As with many other charges brought against him, the claim that Shakespeare was somehow prejudiced against women is quite frankly absurd. A quick look at the Bard’s portrayal of the feminine half of the species will suffice to clear his name. Here I will look at the weak and the wicked among Shakespeare’s women.
Shakespeare abuse is as popular in the third millennium as racial abuse was in the Third Reich. It’s almost a requirement if one is to make the grade in the academy and is a necessity if one wants to make the cast of one of the iconoclastic (post)modern productions of his plays.
You name it and Shakespeare has been accused of it. Racism. Anti-Semitism. Imperialism. Fascism. “Gender insensitivity”. And, of course, sexism. We mustn’t forget sexism. In addition to all the other accusations heaped on the Bard’s hapless head is the charge of misogyny. He has a male chauvinist attitude towards women.
As with the other aforementioned charges brought against him, the claim that Shakespeare was somehow prejudiced against women is quite frankly absurd. A quick look at the Bard’s portrayal of the feminine half of the species will suffice to clear his name.
Broadly speaking, Shakespeare’s women fall into three categories. There are the weak, the wicked and the saints.
We’ll begin with the weak.
Juliet has the weakness of a child who is ill-prepared for the passions and temptations of the adult world. To make matters worse und ultimately disastrous, she is unprotected from such passions and temptations through parental neglect and abuse.
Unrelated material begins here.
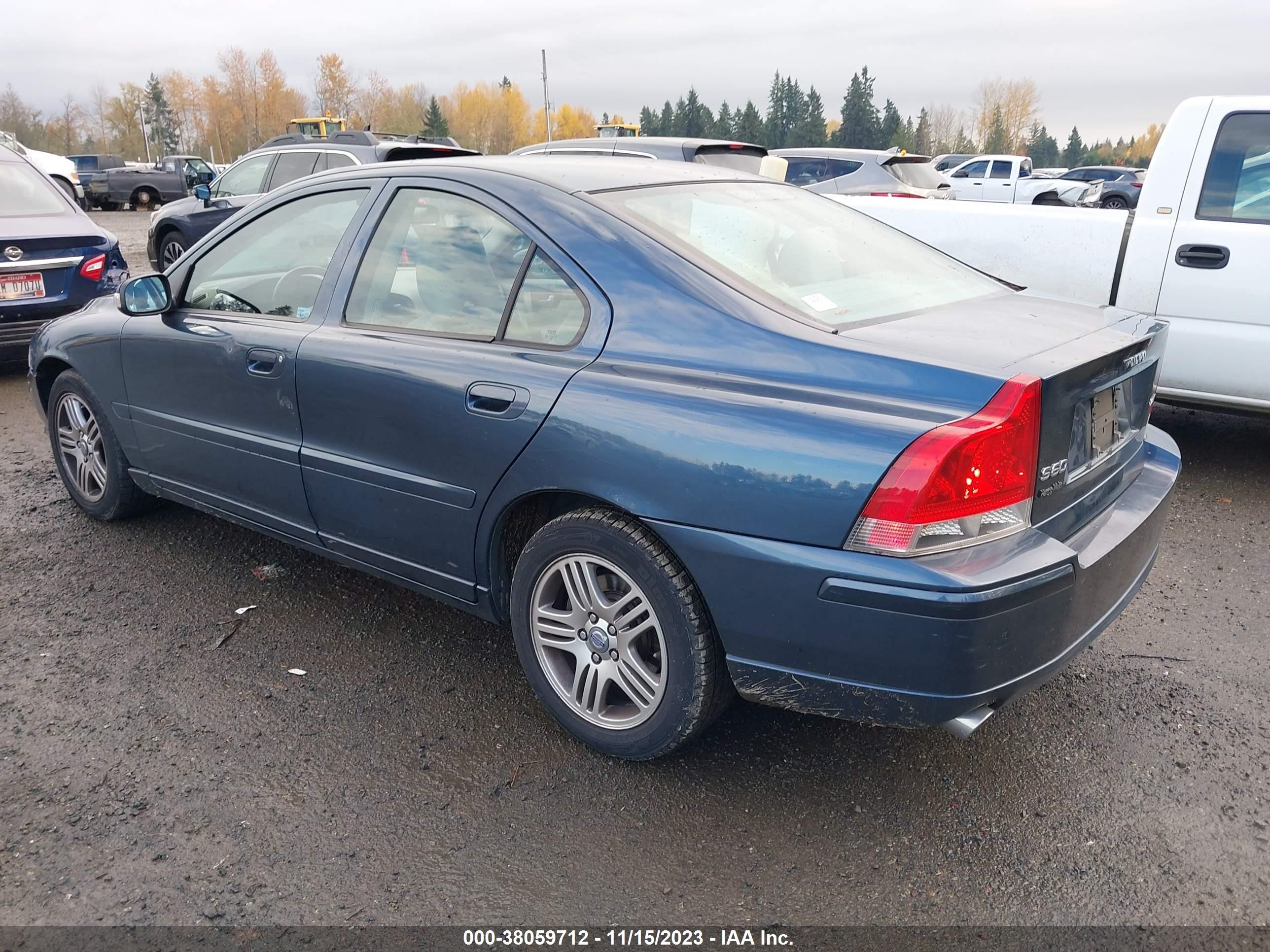 Photo 2 VIN: YV1RS592972618736 - VOLVO S60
Shakespeare accentuates her innocence and vulnerability by making her only thirteen-years-old, a mere child, the same age as was his own daughter Susanna at the time he was writing the play.
Ophelia’s weakness is evident in her willingness to act against her conscience, serving as the bait that her father uses in an effort to trap Hamlet, her beloved. She becomes a reluctant pawn in her father’s Machiavellian machinations, betraying the man she loves at her wicked father’s behest. It is clear that Hamlet is aware of this fact, which explains his anger. The fact that she is pretending to be piously reading a prayer book when Hamlet arrives, at her father’s cynical suggestion, would have added insult to Hamlet’s injury. Perceiving her role in her father’s schemes, Hamlet reacts with rage: “Get thee to a nunnery!” Her only hope is to escape from the worldly wickedness of King Claudius’ court and her father’s scheming on the king’s behalf. In the event, the combination of her estrangement from Hamlet, coupled with Hamlet’s killing of her father, causes her to lose her mind to the madness that leads to her death. The weakness of her will is, therefore, made manifest in the subsequent weakness of her mind.
The tragedy surrounding the deaths of Juliet and Ophelia is connected to the callous neglect of their respective fathers. In the case of Desdemona, however, the opposite is true. She deserts her loving father to pursue an ill-advised marriage with the jealous and abusive Othello. Her weakness is made manifest in her willingness to believe Othello’s tall tales of his heroism in foreign lands, being swept off her feet by his ostentatious show of gallantry, and is accentuated by her flirtatious pursuit of the handsome hero. “These violent delights have violent ends,” says Friar Laurence in Romeo and Juliet. As with the “star-cross’d lovers” in that other play, Ophelia is too rash and reckless to heed the voice of temperance or the cautionary words of prudence.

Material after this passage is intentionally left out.